Reference no: EM132266706
Assignment -
Some data management things to think about
- Missing data
- Do you have any?
- What are you going to do with them?
- How are they labelled (numbers, text)?
Always create new variables with a new name. Then you can delete them if they don't work.
Always give a subset data file a new name. Then you can delete it and start over if you screwed up.
When subsetting, make sure you are starting from the correct data file (original file -> subset file)
ALWAYS, ALWAYS, ALWAYS check that new variable creation, recoded variables, computed variables and subsets, etc have worked
Not seeing your new variable in Rcmdr?
- Did the variable creation work?
- Try 'refreshing' Rcmdr.
How the data are best presented?
oIf doing an ANOVA and you have a lot of groups, it may be easier to produce a table of the means/SDs and other descriptive
- Show a contingency table for Chi square
- Show a scatterplot for correlation/regression
- Show means/SDs/Ns/medians/what's relevant/etc in text or in a table for ttest/ANOVA (we don't need to see boxplots and histograms)
How do you delete variables in Rcmdr?
The answers to questions 1-3 must include
- what data you used (inclusion / exclusion) and selection of appropriate statistical measures and why,
- an appropriate presentation of the data in a graph and / or table,
- statements about assumption testing, and
- an appropriate conclusion based on a statistical test, with justification in text.
Report the p-value to 2 or 3 decimal places (p=0.02, p<0.001, p=0.008 for example) and other values to 2 decimal places. There will be penalties for going over specified word and page limits.
Analysis questions using HINTS data
These analyses require using several variables from the HINTS
5 Cycle 1 data set and assessing some relationships between these variables
In particular, you will be testing the relationships between BMI and variables measuring moderate exercise, both as continuous variables or as categorical variables. Since the variables of interest are provided as either continuous or categorical then the other variable type will need to be constructed.
Variable names are in brackets and their details may be found in the codebook.
Questions -
1. Consider body mass index BMI (BMI) as a continuous variable. We wish to relate BMI to the number of days of any physical activity or exercise of at least moderate intensity (TimesModerateExercise) as a categorical variable. Is average BMI (kg/m2) different between the categories: number of days of exercised?

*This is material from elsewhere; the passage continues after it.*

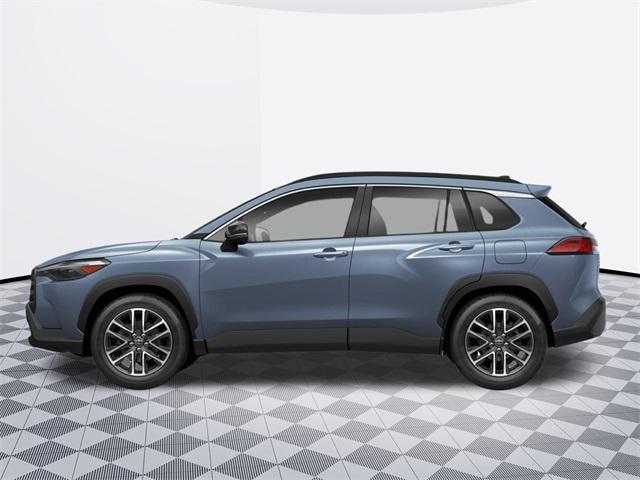 new 2026 Toyota Corolla Cross car, priced at $34,674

2. For all adults, BMI categories are underweight is BMI < 18.5; healthy weight is BMI >= 18.5 to <25; overweight is BMI > = 25 to <30; obese is BMI > = 30. Construct a categorical variable (BMIcat) with these categories from the continuous variable BMI (BMI). Analyse the relationship between the BMI categorical variable and the number of days of moderate physical activity categorical variable (TimesModerateExercise) as specified in Question 1.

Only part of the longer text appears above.